Commentators inclined to treat anything done or said by Russian officials with suspicion argue that such a statement was excluded from the military doctrine to avoid increasing tension with the international community but is undoubtedly included in the unpublished and classified “Basic principles of state policy in the area of nuclear deterrence to 2020” document, which was approved at the same time as the military doctrine and supposedly spells out the situations in which Russia would use nuclear weapons. Given that planners in both Russia and the United States still by and large subscribe to the doctrine of Mutually Assured Destruction, there is little point to secret plans to use nuclear weapons — the whole point is to publicize a relatively explicit set of situations in which your side would use nuclear weapons in order to make sure that the other side does not cross those lines.

More believable commentators speculate that the absence of the clause on preemptive use of nuclear weapons is a sign that negotiations with the United States on a new START treaty are going well.

For me, the most striking passages in the  doctrine have to do with the listing of external threats facing Russia.
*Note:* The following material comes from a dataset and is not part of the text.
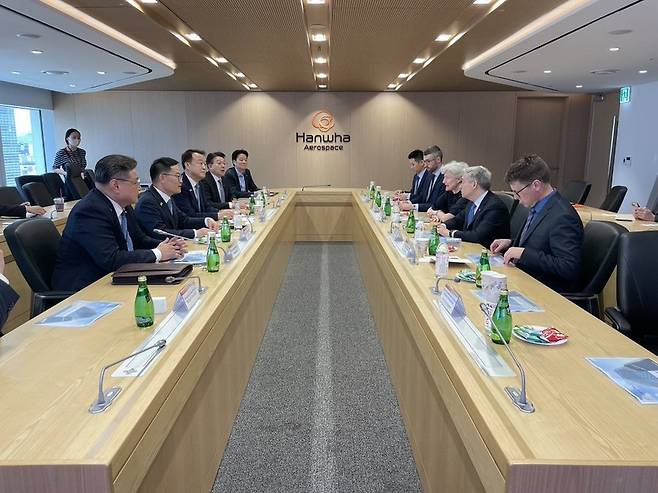 캐나다 대표단과 회담하고 있는 한화에어로스페이스 대표단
Eleven such threats are listed, including some fairly generic ones such as the spread of international terrorism and the spread of ethnic and religious extremist groups in regions near Russian borders. But the first threat listed refers explicitly to NATO and its efforts both to extend its reach globally and to bring its military infrastructure close to Russia’s borders. The second threat listed refers to “efforts to destabilize the situation in specific countries and regions so as to undermine strategic stability,” clearly a veiled reference to Russian elites’ belief that the US was behind popular efforts to remove autocratic rulers in various former Soviet states in the last decade.

Because of these two sentences, the new doctrine is much more explicit than any previous official policy document in declaring that Russia considers NATO and its member states to be the most significant source of military danger to Russia. This makes for good domestic politics, but does little to address the real security issues facing Russia. Nor does it provide for a realistic set of guidelines for how to structure the Russian military in coming years. Clearly, Russian military planners are not planning  a military buildup on Russia’s western border. The actual threats will continue to emanate from the south in the near term, with a growing potential for tension with China sometime down the road.

Russian military planners know full well that NATO is not a threat and this was made clear today when French and Russian officials announced that they were going forward with the sale of France’s Mistral amphibious assault ship to Russia. It seems fairly unlikely that Russian officials would buy military technology from an enemy state, nor that such an enemy would agree to sell it.

It seems to me that the prominent mention of NATO in the list of threats is a sop to the military’s old guard, who have been defeated in the battle over the future direction of the Russian military through the elimination of the mass mobilization army and the forced retirement of most of the old guard generals. Listing NATO as a threat is seen as a relatively harmless way to keep them quiet while the current leadership presses ahead with both structural reforms and closer ties with foreign defense industry.

Thus, we can see that Russia’s new military doctrine is simply a public relations document both in terms of its statement on nuclear policy and its listing of the key foreign threats facing Russia. In this context, it is not surprising that the content of the rest of the document is so generic, as the only politically relevant parts of the document are those that serve a PR purpose. As far as Russia’s military and civilian leadership is concerned, the rest could be filled with complete gibberish.